El otro día nos explicó cómo comportarse en un lugar así; los del pueblo os han de rechazar y vosotros debéis mirar hacia otro lado, pues en la displicencia está la victoria, sois unos elegidos. ¿Quién se puede creer eso? ¿Unos elegidos? Tenía el pelo blanco y muy espeso y una chaqueta como de terciopelo marrón, un marrón dorado, antiguo y con la misma soberbia que su sonrisa, que el vuelo de sus manos, se entrecruzan, se enlazan y trenzan sus palabras y el brillo de sus gafas. No era arte (dijo el fanático después citar un pasaje bíblico). ¿Unos elegidos? Aquellas calles, aquellas avenidas, los arcos y la muerte de un borrachín en los soportales de la plaza que hay junto a su casa: pues lo comentó delante de nosotros y le sirvió de ejemplo para mostrar la vida ordenada y la vida desordenada y cómo eso lo podríamos aplicar con la gente del pueblo.

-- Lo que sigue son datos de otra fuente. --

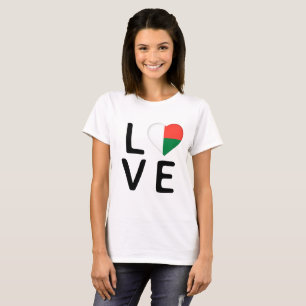 Liebe - Madagaskar T-Shirt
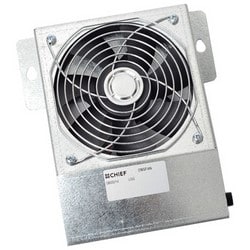 Chief Manufacturing CMSFAN | Projector Fan Kit, 12 Volt DC at 50/60 Hertz, 100 CFM, 42 dBA, Steel, Silver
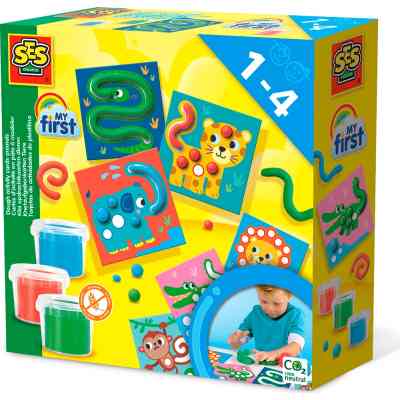 Набор для творчества Ses Creative My First Забавные животные (14435S) Винница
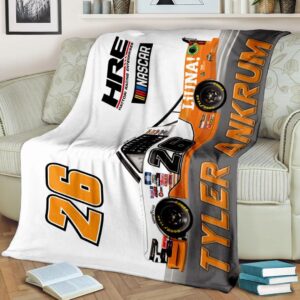 Tyler Ankrum Nascar Racing 2023 Carpet Living Room Area Rugs Doormats Blanket Flag Home 8 Nascar store - Loyal fans of Tyler Ankrum's Rug,Doormat,Blanket Microfiber Fleece,Blanket Premium Sherpa,House Flag:vintage nascar racing suit,uniform,apparel,shirts,merch,hoodie,jackets,shorts,sweatshirt,outfits,clothes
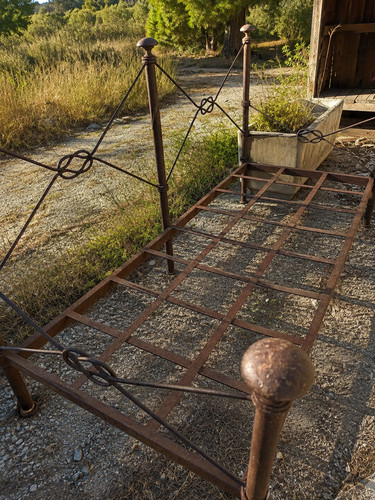 Salon jardin fer forgé - en,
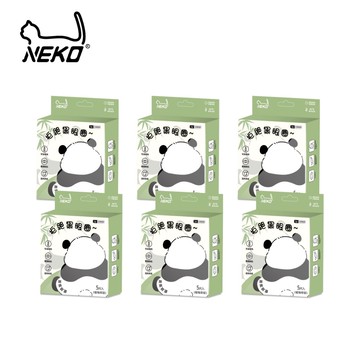 【NEKO】蒸氣眼罩熊貓款(5片入)x6盒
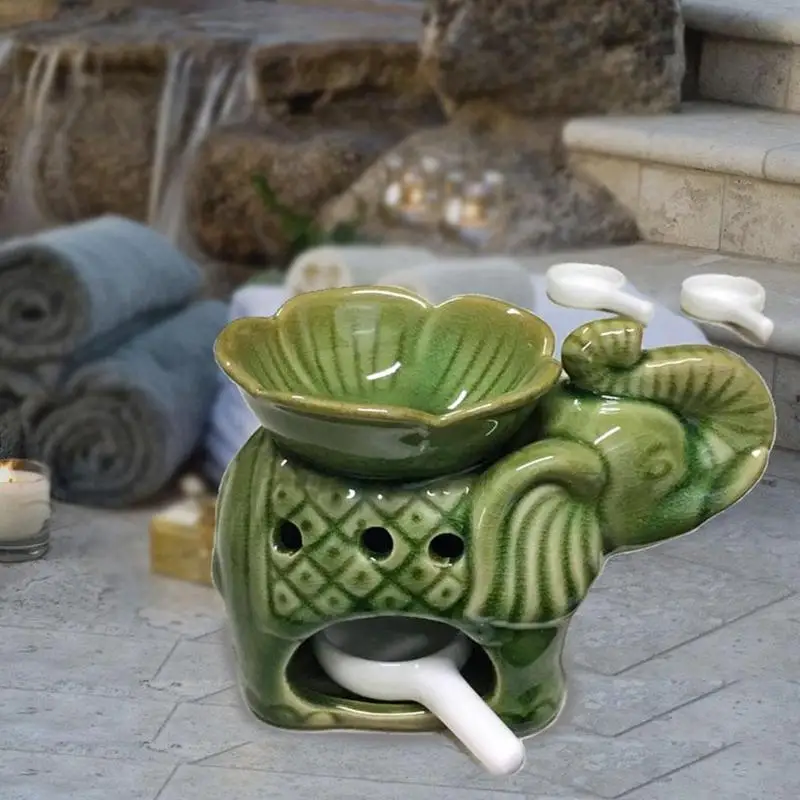 Мини подсвечник для ароматерапии керамическая лампа с эфирным маслом подходящий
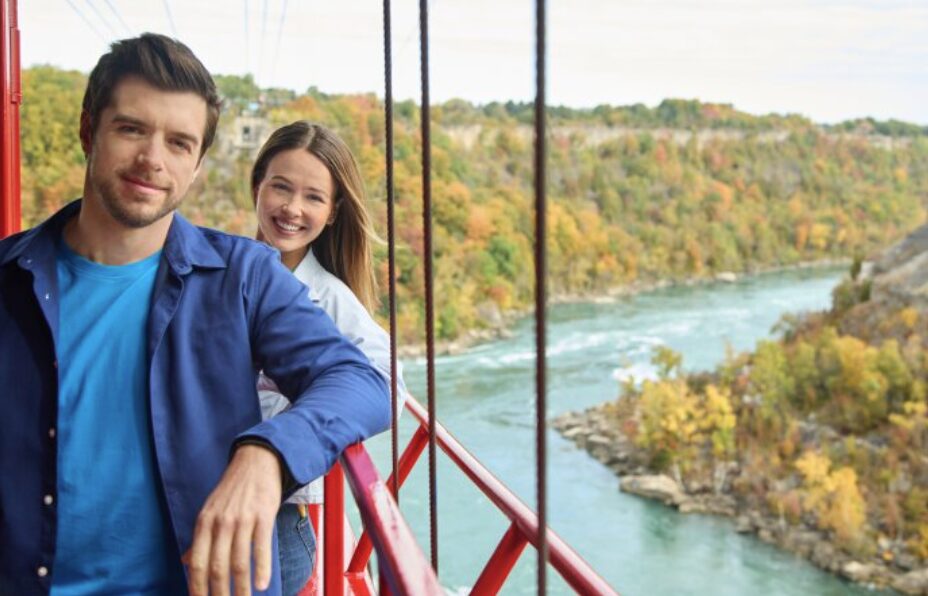 FUNatics Review - Hallmark Channel's New Movie Falling In Love In Niagara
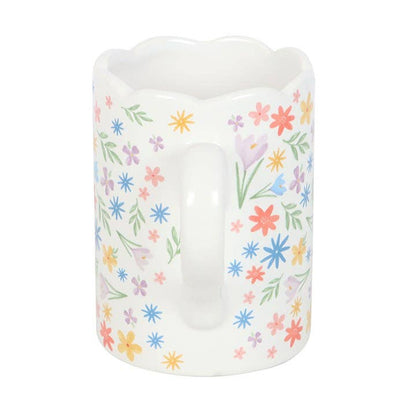 Mug imprimé Floral Printanier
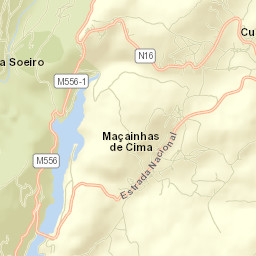 Maçainhas Street Map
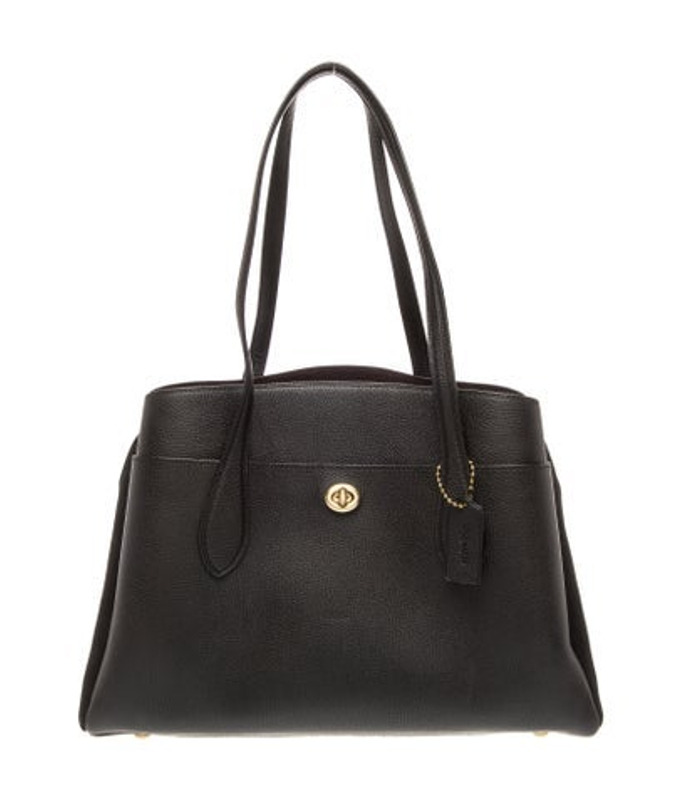 Coach Leather Tote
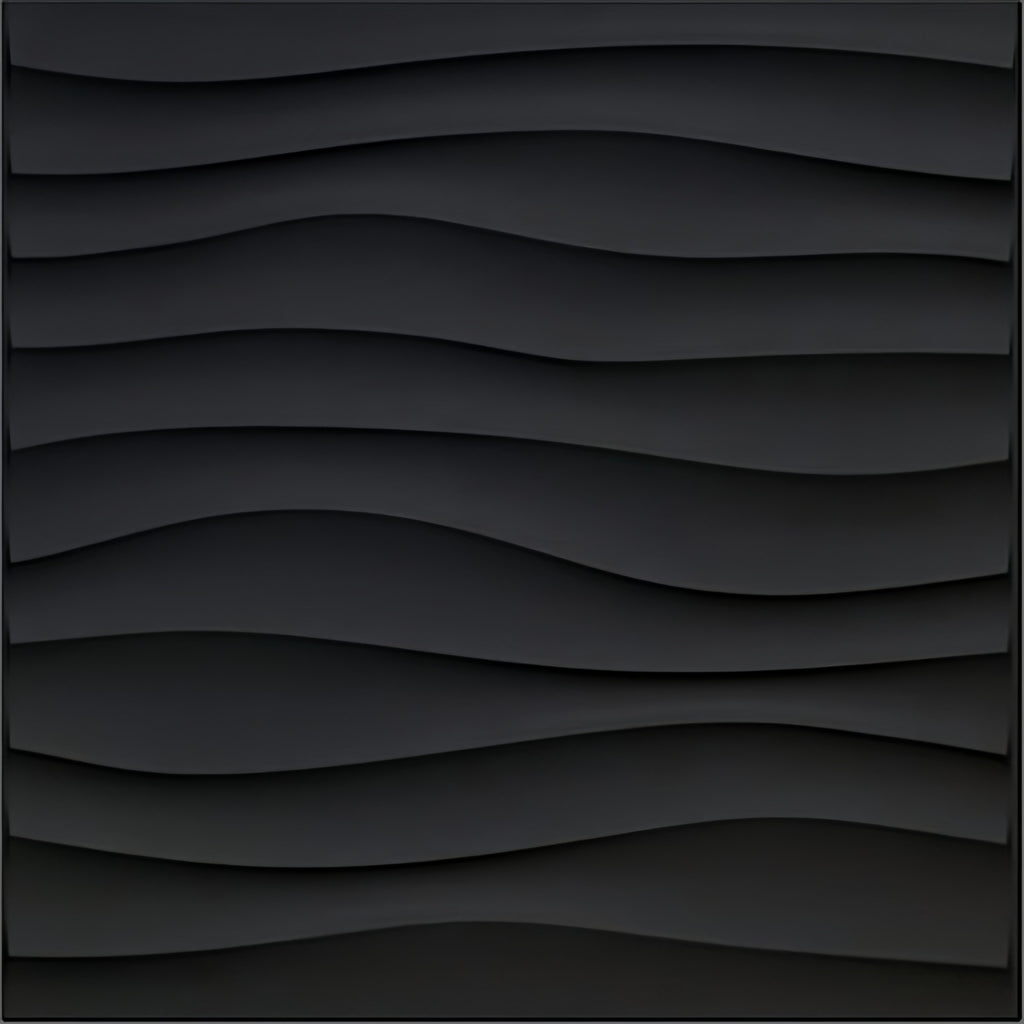 3D Textured PVC Wall Panel
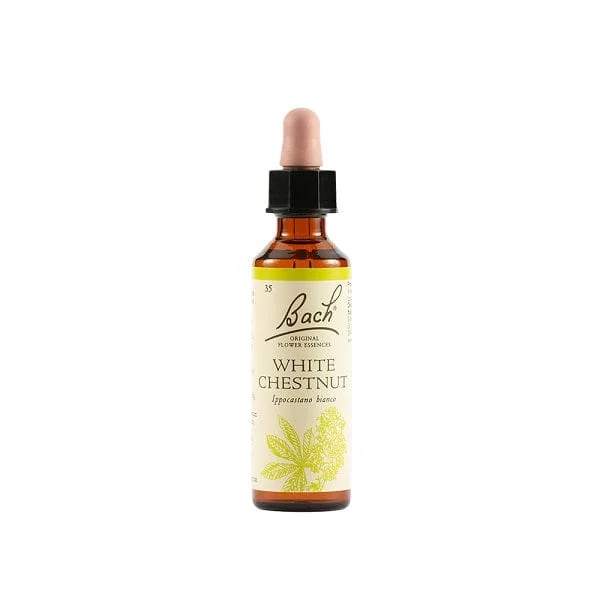 BACH FLOWER REMEDIES White Chestnut Bach Gocce 20 ml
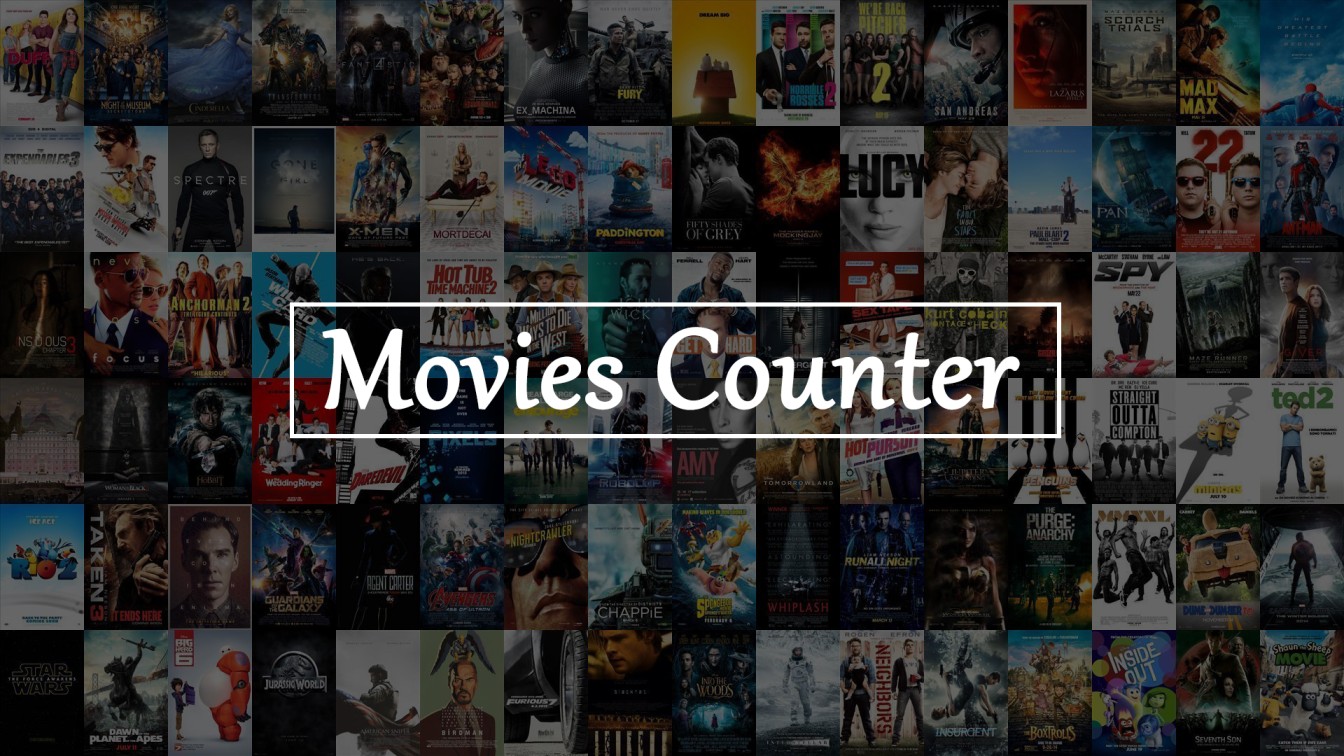 Get a thrill out of Movies Counter with your family anywhere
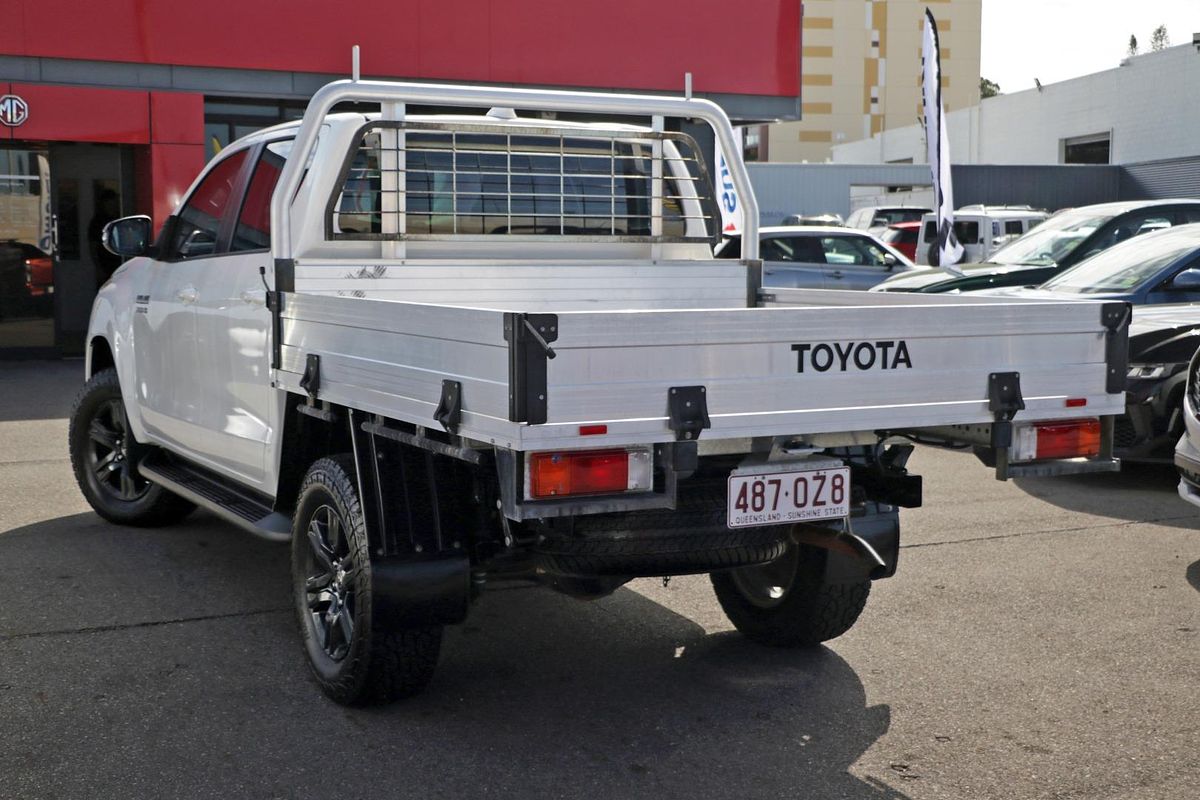 2023 Toyota Hilux SR GUN126R 4X4
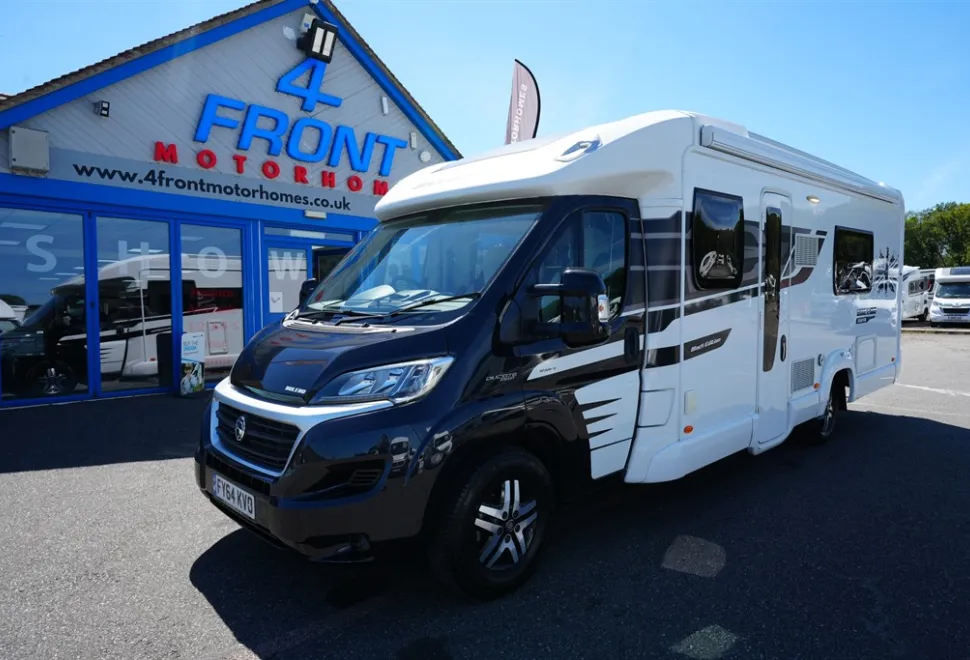 Swift Bolero 722 FB BLACK EDITION 2014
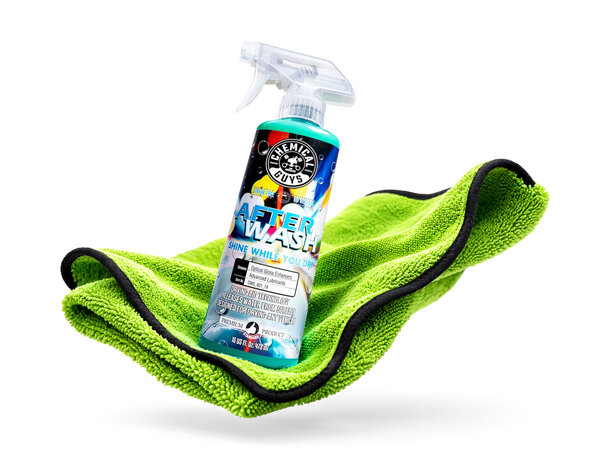 After Wash - Enklere tørk av bilen Gjør det å tørke bilen til en lek 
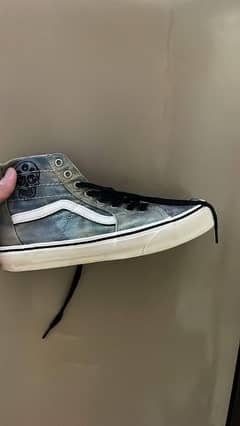 Vans shoes limited skull edition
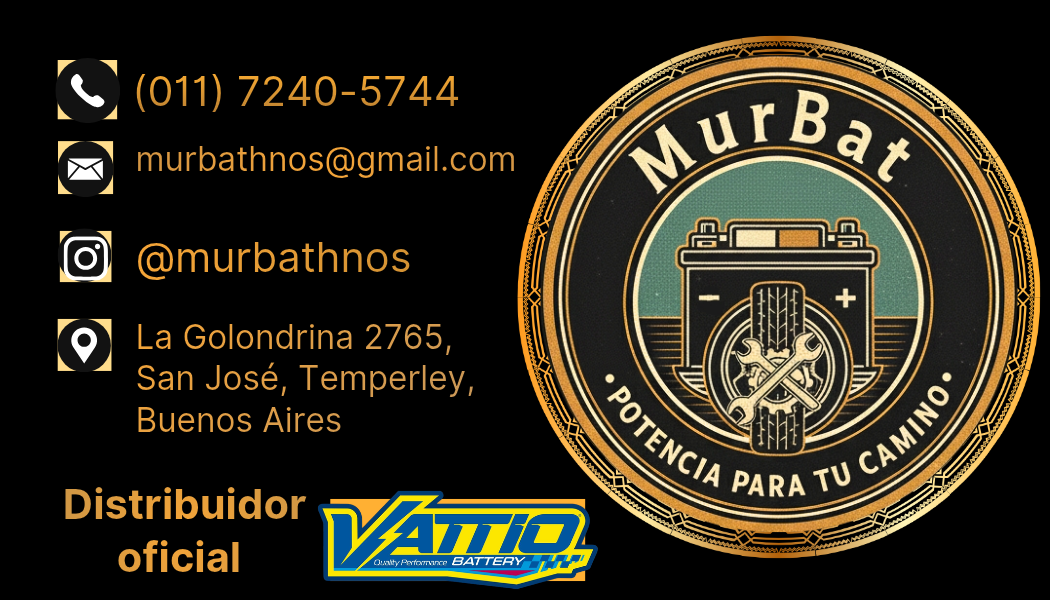 Murbat Hnos baterias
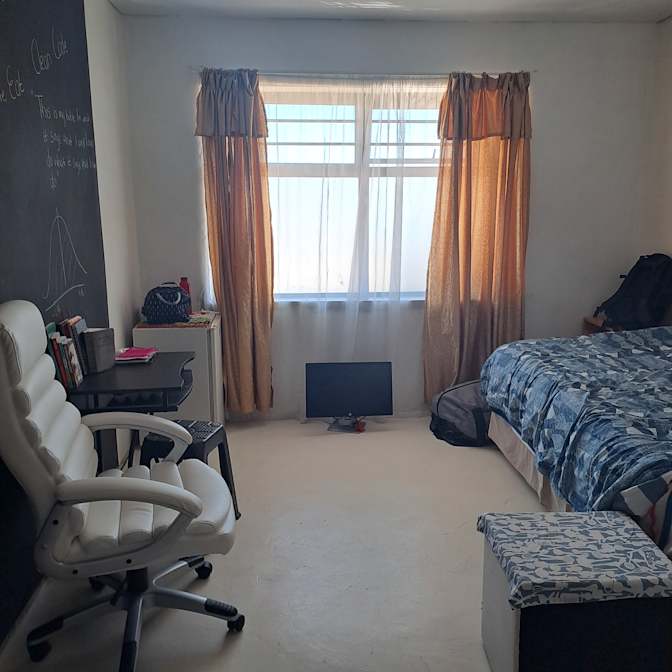 Geraldine Sheriff's room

Pero estaba equivocado: ellos conocían el bosque y nosotros necesitábamos más de ellos que ellos de nosotros. Podría decir lo que fuese en su despacho, pero él no se adentraría con las máquinas en el bosque, bajo la lluvia y las agujas de los pinos, que flotan en el aire como una marea de verde fuego. No es poesía, pero él incidió en una cita: verde es un color especial y deben aplicarlo en cada movimiento, las máquinas responden como animales como bestias domesticadas. Nos dio la mano y agradeció el trabajo que nos tomaríamos en los próximos meses. Luego salimos a la calle y caminamos en silencio hasta un bar cualquiera, pedimos café y continuamos en silencio. Al día siguiente habríamos de comenzar a desbrozar el camino y a adentrarnos en la vieja y abandonada estación eléctrica, a la que nadie iba, desde la guerra, creo recordar.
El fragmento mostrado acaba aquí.